Some parents are divided over letting kids rule the class. Ms. Wang, mother of a student in this class said that she doesn’t want her child to be part of the top echelon. She thinks it will arouse kids’ vanity and adversely affect their academic performance. Another parent surnamed Liu said the child can benefit from being a class leader, as their overall capabilities and cultivation can be elevated in the process.
Ding Hui, director of education and administration at Qianchuan No.6 Elementary School, said that children’s desire to manage the class is driven by their hope to serve everyone, and that parents hope a title can boost children’s ego.
Zhu Quantao, the principal, believed it is a new experiment in education, although he said the school and its teachers should cautiously prevent children from “growing empleomaniac,” or obsessed with public posts. A stage to demonstrate oneself should be offered to as many students as possible.
Zhu Quantao said they are considering pushing forward with the mechanism to the entire school.
Some netizens think that being a student cadre can not only raise the child’s awareness of serving the community but raise the child’s confidence as well.
Some ask, if half of the class hold some form of official titles, would the self-esteem of the other half be hurt? Would the hoopla of the class election contribute to children’s obsession with official posts?
A netizen who goes by the name “Sunflower” said, not all children are well-suited to be a cadre. The most crucial thing about education is teaching students in accordance with their aptitude.
Jing: Schools are not a utopia independent of the real society. Notions, concepts and phenomena always manage to find their way into the schools and influence children. Parents’ values and foci can be reflected in children’s life in schools.
Supporters of the cadre election system claim children can feel greatly encouraged by their roles in the class. But why is that possible? Where does the confidence and encourage stem from? It boils down to the fact that in China, official rank is considered to be the sole criterion of one’s social worth, and that instead of public servants courting people’s votes and catering to people’s needs, Chinese cadres are admittedly superior than the masses and enjoy privileges that appeal to everyone.
According to Legal Evening News’ survey of schoolchildren in five districts of Beijing, 89.65% wanted to be a class cadre. In answer to the question “What class title do you want most,” among 180 respondents, 70.63% said “Class monitor;” 9.79% said “commissioner for disciplines.”
As for “Why do you want to be a student cadre,” 48.89% said “I want to make a contribution to the class;” 17.78% said “It’s domineering;” 14.81% said “I want to cotton up to teachers;” 11.85% said because their parents are cadres.
Photo: Hierarchy in Chinese elementary schools reflected by badges that students wear, if any.
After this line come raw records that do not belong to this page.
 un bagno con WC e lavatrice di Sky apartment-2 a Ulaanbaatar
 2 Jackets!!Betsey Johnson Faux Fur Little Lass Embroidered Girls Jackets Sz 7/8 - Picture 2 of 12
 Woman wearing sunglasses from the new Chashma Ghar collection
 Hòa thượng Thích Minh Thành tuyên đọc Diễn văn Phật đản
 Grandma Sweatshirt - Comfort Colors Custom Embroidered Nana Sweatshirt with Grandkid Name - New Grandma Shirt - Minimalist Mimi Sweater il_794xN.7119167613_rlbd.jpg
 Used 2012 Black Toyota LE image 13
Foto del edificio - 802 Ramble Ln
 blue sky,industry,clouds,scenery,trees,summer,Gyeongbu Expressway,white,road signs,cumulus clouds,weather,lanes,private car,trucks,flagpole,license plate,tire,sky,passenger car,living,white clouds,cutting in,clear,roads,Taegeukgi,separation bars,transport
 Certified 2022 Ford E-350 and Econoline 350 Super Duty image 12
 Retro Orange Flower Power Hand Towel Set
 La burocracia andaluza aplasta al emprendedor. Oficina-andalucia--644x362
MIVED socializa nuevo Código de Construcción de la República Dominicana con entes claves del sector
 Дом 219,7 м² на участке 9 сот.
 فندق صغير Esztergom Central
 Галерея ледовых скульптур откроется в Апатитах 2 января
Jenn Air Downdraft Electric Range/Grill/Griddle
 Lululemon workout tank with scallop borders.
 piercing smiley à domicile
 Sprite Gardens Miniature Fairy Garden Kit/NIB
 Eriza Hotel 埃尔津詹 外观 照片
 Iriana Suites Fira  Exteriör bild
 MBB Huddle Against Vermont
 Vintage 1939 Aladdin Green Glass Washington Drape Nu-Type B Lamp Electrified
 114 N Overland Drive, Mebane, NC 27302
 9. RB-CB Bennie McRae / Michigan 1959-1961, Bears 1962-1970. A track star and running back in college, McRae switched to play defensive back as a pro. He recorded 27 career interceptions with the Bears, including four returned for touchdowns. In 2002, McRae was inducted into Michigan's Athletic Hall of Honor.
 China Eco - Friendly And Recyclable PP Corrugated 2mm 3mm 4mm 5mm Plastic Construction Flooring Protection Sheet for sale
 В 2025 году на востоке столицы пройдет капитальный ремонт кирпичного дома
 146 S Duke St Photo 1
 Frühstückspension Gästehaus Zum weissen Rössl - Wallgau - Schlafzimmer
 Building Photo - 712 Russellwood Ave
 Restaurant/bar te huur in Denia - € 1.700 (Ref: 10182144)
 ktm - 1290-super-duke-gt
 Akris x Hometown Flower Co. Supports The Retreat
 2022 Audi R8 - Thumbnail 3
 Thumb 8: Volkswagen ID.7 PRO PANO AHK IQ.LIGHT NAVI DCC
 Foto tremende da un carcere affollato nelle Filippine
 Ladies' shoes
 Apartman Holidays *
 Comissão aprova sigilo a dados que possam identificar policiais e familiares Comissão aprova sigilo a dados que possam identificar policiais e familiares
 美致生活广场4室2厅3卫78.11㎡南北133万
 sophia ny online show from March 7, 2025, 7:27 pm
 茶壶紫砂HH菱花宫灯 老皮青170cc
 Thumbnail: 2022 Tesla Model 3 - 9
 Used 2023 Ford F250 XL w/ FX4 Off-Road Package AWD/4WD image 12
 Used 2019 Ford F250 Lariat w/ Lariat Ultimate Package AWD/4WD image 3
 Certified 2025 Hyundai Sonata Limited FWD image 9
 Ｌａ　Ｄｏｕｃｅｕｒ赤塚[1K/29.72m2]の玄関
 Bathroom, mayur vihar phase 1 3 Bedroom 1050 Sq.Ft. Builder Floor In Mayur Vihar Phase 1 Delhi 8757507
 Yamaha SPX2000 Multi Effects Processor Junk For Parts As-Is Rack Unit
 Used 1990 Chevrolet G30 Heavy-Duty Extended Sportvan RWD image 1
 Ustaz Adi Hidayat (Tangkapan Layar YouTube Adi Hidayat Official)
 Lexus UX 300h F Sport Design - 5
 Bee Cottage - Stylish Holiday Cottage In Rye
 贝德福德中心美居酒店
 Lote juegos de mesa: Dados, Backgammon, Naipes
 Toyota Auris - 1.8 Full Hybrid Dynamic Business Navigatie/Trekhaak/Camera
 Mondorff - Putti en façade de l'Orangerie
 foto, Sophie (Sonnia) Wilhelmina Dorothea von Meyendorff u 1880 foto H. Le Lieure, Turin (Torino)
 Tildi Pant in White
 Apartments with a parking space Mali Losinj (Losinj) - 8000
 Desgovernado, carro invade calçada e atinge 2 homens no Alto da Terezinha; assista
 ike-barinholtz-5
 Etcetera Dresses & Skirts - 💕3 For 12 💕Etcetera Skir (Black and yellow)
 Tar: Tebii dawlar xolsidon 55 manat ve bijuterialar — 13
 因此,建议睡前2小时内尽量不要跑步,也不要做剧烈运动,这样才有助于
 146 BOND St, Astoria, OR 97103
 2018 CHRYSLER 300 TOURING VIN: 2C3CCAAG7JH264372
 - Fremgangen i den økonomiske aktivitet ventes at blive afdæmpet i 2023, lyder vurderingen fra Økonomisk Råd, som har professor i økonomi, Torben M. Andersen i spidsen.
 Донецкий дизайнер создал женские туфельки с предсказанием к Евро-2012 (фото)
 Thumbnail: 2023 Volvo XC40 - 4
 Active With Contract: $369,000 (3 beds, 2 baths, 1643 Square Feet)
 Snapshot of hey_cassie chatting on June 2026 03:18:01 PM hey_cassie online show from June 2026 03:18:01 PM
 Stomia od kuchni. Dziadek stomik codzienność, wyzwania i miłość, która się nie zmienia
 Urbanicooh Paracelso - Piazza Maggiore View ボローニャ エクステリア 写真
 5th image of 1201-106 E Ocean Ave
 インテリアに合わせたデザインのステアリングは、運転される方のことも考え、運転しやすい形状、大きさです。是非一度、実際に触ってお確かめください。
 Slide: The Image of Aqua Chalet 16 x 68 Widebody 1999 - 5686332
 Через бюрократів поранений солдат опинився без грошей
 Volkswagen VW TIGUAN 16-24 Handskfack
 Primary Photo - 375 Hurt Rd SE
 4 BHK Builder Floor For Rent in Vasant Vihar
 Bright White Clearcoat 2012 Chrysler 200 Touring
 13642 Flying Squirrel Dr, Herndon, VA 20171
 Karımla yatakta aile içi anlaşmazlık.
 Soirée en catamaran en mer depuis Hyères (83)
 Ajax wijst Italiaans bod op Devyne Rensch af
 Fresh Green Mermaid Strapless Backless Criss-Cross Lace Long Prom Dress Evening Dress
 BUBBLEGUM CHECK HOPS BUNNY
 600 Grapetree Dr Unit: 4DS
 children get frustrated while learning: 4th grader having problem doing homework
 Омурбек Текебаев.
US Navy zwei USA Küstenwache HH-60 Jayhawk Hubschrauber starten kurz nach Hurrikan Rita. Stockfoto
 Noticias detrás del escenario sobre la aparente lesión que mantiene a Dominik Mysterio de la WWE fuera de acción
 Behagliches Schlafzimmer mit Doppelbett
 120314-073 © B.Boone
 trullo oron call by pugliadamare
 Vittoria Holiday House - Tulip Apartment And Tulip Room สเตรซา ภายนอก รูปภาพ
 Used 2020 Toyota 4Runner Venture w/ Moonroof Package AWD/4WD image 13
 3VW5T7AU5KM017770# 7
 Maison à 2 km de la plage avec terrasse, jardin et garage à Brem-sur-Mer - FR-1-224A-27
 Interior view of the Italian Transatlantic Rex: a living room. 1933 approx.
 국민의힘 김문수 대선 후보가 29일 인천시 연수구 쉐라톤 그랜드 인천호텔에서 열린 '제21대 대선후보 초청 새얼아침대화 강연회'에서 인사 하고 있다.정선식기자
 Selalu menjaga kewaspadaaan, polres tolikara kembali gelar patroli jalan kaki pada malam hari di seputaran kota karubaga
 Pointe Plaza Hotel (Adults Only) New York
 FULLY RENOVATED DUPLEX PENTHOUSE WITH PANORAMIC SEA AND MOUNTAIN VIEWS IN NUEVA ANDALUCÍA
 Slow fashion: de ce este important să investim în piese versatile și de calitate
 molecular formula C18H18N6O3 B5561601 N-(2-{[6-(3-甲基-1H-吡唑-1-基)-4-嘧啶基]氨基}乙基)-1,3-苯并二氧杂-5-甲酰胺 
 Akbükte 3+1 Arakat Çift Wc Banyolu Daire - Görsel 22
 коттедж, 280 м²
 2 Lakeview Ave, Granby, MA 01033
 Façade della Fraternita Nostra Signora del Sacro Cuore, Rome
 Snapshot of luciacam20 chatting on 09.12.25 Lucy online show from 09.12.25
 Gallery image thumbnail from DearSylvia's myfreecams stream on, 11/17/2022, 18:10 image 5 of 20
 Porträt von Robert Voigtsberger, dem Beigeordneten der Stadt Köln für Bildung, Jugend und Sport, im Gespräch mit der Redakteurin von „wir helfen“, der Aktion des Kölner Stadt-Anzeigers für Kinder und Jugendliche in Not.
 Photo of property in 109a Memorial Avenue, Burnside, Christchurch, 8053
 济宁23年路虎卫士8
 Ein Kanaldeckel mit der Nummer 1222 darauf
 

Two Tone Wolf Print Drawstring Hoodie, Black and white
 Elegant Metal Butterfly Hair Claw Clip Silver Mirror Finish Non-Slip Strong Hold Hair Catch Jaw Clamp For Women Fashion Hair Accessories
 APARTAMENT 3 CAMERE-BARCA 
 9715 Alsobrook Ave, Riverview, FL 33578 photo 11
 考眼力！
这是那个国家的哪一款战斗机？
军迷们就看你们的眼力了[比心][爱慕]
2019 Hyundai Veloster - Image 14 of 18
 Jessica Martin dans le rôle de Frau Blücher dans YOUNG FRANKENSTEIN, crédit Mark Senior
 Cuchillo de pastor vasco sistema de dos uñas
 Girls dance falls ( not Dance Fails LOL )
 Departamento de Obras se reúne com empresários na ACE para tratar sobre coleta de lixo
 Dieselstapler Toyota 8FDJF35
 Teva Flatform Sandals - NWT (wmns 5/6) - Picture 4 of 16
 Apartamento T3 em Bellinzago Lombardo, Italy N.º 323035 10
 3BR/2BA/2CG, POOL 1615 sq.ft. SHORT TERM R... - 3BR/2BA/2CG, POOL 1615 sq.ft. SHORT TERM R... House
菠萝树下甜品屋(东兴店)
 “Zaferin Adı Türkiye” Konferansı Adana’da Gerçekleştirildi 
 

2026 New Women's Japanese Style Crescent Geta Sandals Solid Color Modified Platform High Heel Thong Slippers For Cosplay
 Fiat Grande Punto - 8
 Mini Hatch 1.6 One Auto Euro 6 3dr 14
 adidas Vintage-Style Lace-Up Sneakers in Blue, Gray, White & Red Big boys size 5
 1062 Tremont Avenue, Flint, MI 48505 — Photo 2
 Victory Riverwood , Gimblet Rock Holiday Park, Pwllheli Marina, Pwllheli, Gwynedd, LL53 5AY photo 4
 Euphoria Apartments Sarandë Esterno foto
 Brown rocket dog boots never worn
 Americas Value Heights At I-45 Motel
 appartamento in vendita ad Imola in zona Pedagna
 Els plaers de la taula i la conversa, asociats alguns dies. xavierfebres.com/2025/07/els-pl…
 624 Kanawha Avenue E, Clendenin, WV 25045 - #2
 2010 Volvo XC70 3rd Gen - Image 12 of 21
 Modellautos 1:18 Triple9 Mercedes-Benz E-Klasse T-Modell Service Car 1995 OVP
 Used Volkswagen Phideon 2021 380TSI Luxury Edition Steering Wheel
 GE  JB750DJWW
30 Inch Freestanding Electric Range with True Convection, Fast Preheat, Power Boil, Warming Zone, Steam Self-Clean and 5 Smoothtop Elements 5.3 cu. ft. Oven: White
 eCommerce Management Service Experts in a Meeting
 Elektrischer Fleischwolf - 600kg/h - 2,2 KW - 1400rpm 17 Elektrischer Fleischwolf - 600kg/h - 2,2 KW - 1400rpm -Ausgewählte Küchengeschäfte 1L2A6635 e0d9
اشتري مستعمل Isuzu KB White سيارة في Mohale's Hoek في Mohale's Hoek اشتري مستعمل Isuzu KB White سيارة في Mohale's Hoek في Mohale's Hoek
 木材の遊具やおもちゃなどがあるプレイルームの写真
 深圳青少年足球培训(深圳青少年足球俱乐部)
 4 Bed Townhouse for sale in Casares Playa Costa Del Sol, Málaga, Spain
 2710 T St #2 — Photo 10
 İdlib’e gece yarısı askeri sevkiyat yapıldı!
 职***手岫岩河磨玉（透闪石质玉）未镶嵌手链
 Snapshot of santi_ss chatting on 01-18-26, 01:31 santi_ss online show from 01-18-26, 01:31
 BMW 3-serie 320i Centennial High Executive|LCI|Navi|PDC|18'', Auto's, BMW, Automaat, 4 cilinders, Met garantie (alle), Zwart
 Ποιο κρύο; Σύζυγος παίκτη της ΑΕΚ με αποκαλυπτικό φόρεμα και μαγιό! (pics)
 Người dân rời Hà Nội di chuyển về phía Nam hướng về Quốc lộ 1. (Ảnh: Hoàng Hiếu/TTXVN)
Even Chinese children aged from 6 to 12 know a class cadre can “supervise people,” “go to teachers’ office often and get wind of first-hand information,” “boss people around,” and “earn extra points in competition for enrolling at prestigious junior high school through teachers’ recommendation and school assessment.”
Allured by the perks, parents even go so far as to bribe class advisors, according to Legal Evening News.
The whole thing is just a microcosm of the Chinese society.